万願寺唐辛子

 京都の伝統野菜

 万願寺唐辛子は、京都府舞鶴の万願寺(まんがんじ)地区で栽培されてきた地方野菜(京野菜)です。大正時代くらいに「伏見唐辛子」とピーマンの「カリフォルニアワンダー」が交配して出来たのではないかと考えられていて、京野菜の内、「伝統野菜に準ずる野菜」という扱いを受けています。
 唐辛子と言っても、全く辛くない甘唐辛子で、10cmを越える大きさの大型唐辛子です。ピーマンとは違う細長い形の「唐辛子形」ですが、ガクに近いところが少し絞り込んだような、ルーズソックスのような形をしています。
 見た目はゴツくて硬そうですが、意外と軟らかく、甘味があって美味しい野菜です。栄養面でも、ビタミンCに関しては、ピーマンより豊富だそうです。
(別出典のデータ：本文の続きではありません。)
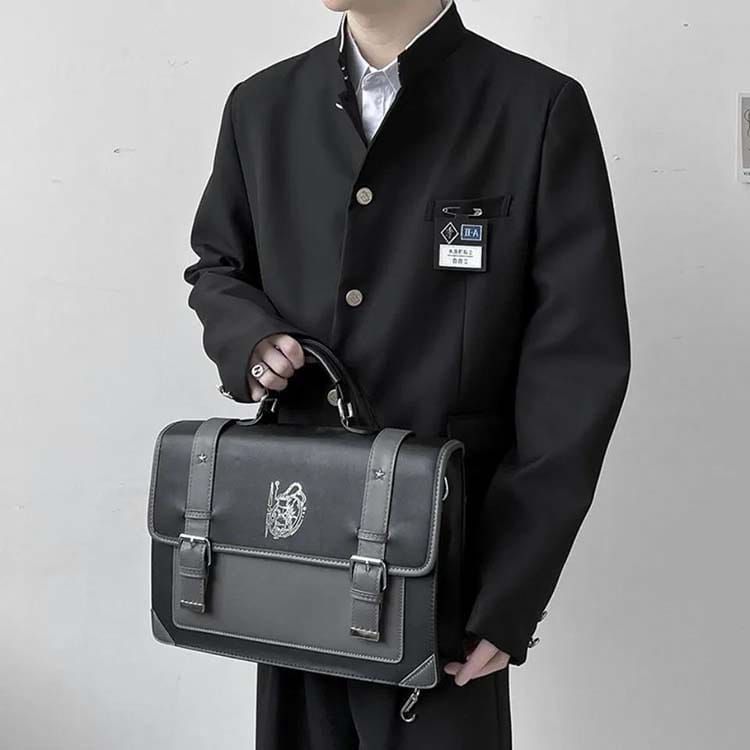 男の子 B系
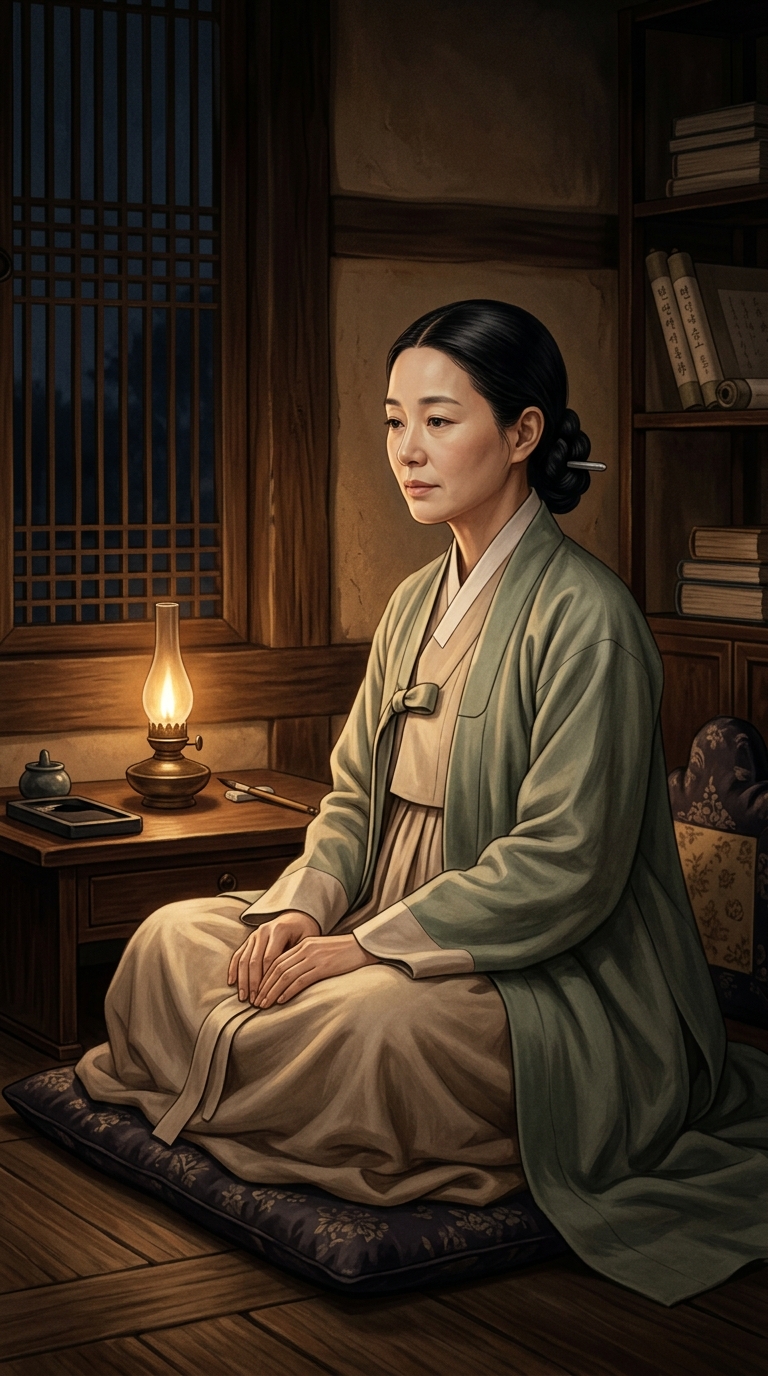 단원구 와동공원로 72 대출 안내
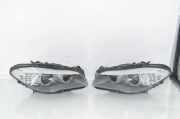Scheinwerfersatz BMW 5 (F10) 530 d xDrive 7271911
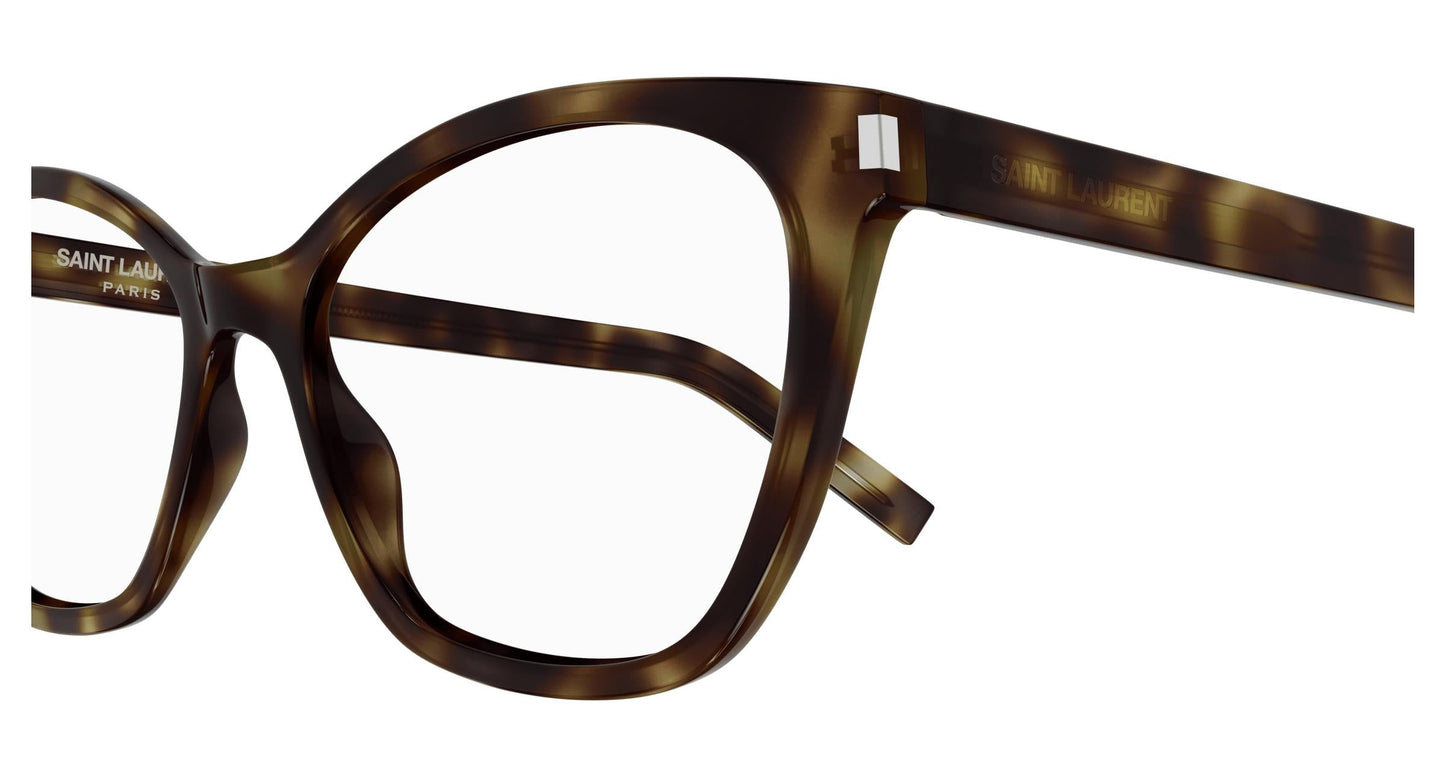 Saint Laurent SL 287 SLIM 008 54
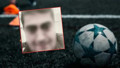Ailesine gösterdi, iğrenç gerçek ortaya çıktı! Futbol hocası 6 çocuğu taciz etti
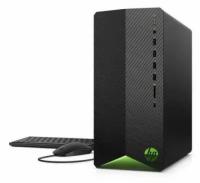 HP Pavilion i5 8GB 256GB Gaming Desktop Computer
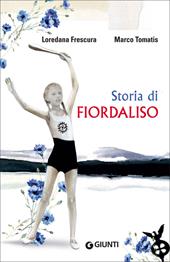 Storia di Fiordaliso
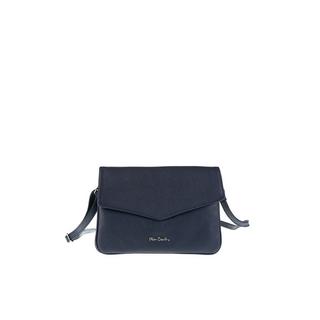 pierre cardin Seraphina Lux Umhängetasche  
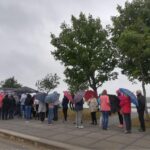 UVaga_Giżycko_kolejka_w_Giżycku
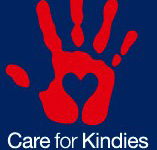 Care for Kindies Kindergarten - Child Care Sydney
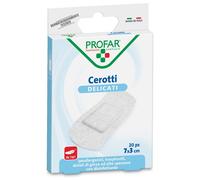 PROFAR CER TNT GRANDI 7X3 20P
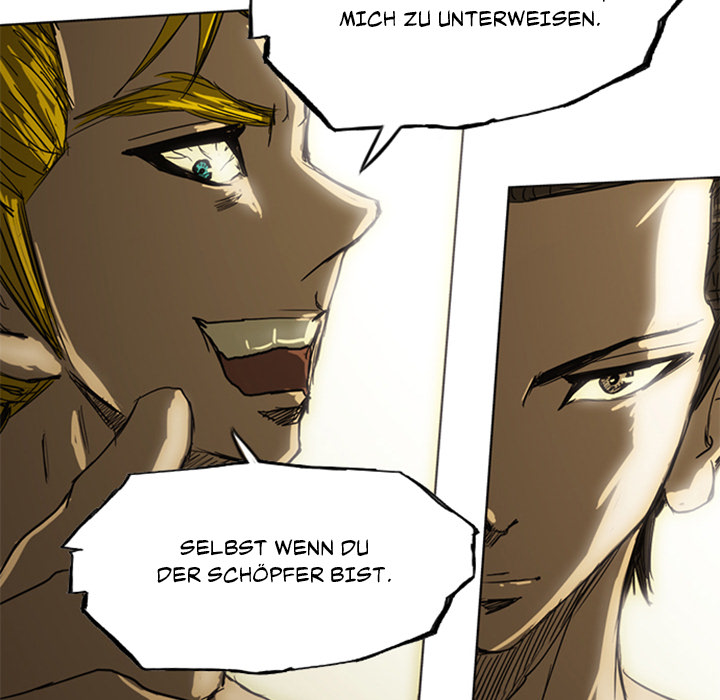 Krieg der Götter - episode 14 - 98
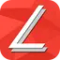 Lucid Launcher Pro
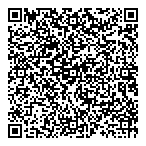 QR код "3Д Парапластик"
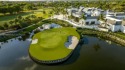  Ad# 6187042 golf course property for sale on GolfHomes.com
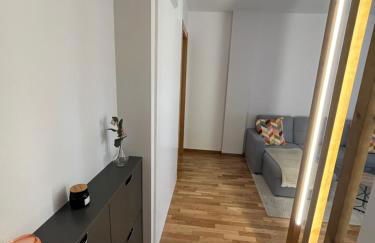 Apartamento Nordés - Foto 3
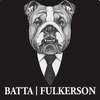 Batta Fulkerson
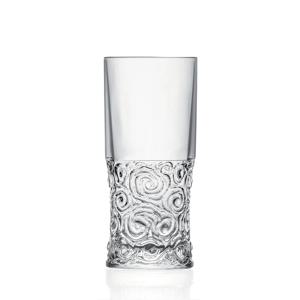 사운드 소울 하이볼 350ml 1P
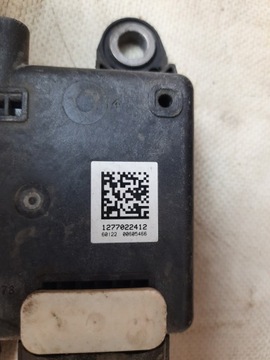 фото thumb №12, Dodge ram 19- каталізатор usa 1277022412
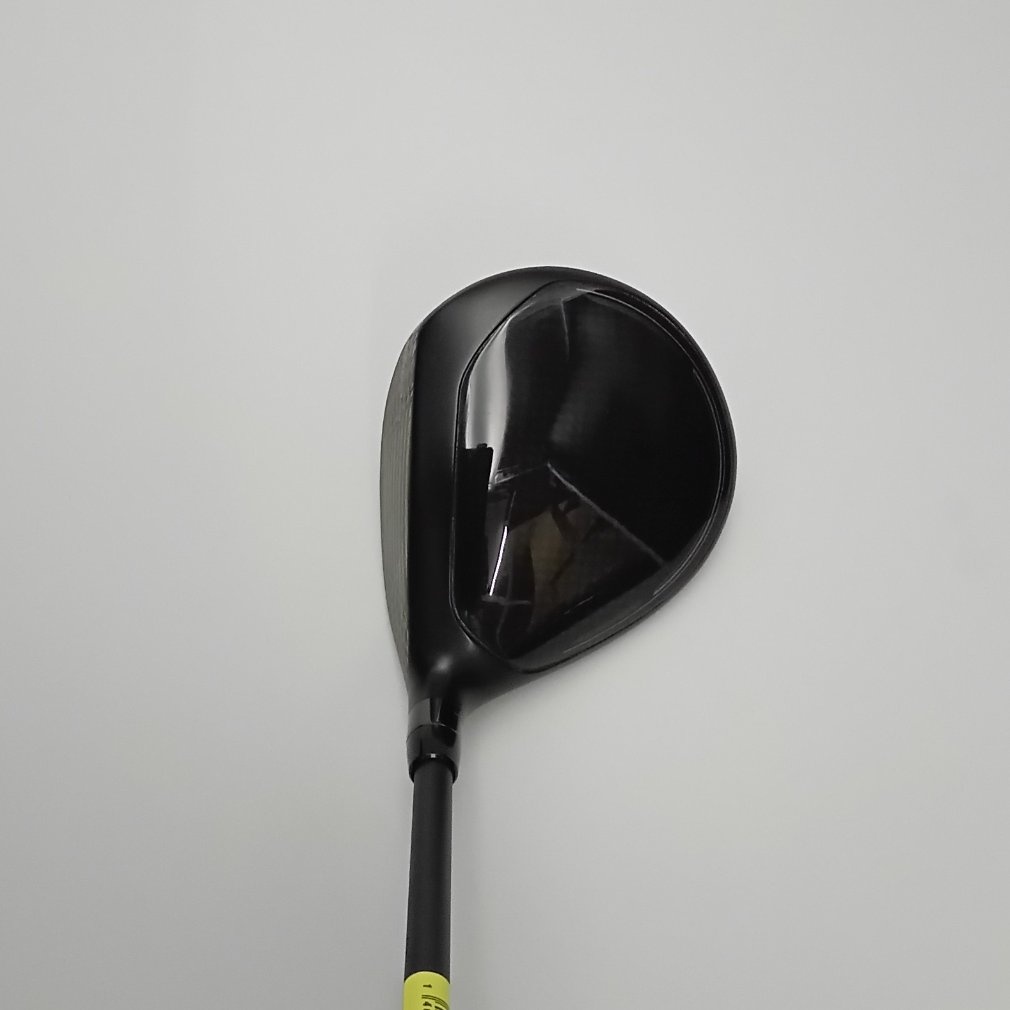 B2HT 3W 15° S VANQUISH BS50｜Alpen Online 公式オンラインストア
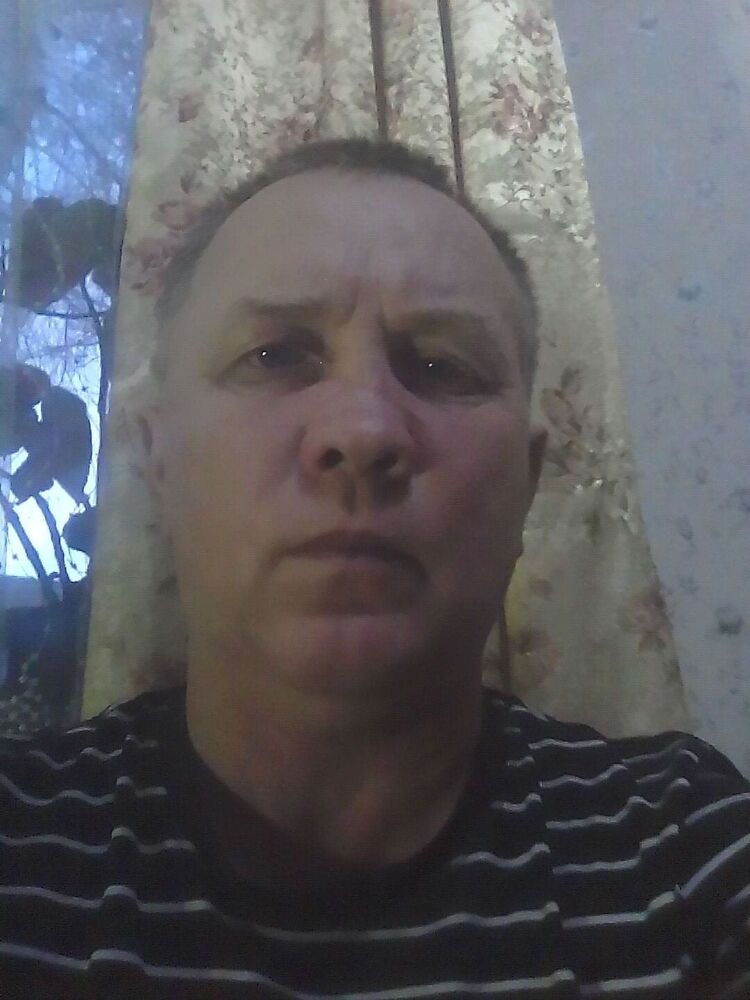  25099319  , 55 ,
 私も万願寺唐辛子を栽培しているのですが、美味しくて、お気に入りのお勧め野菜です。 ただ、栽培に関しては、少々難しく、困り者です。 草勢が弱くてナカナカ大きくなってくれず、病気にも弱いようです。また、他のピーマン・唐辛子類と非常に交配しやすい為、種取り分は、完全に隔離して栽培しなければなりません。

 食べ方としては、素揚げが一番良いとされています。穴をあけて天ぷらより少し熱い油で、皮が白くなる程度に揚げ、油をきって醤油をかけて食べます。(穴をあけずに揚げますと、中の空気が膨張して弾けてしまいます。)
 私は、軽く焼いて醤油を付けて食べるのが好きです。その他、煮ても美味しいです。
 通常は、なかなか手に入れ難い野菜ではありますが、機会がありましたら、是非食べてみて欲しいです。京都に行かれた時には、八百屋さんに寄って買ってみて下さい。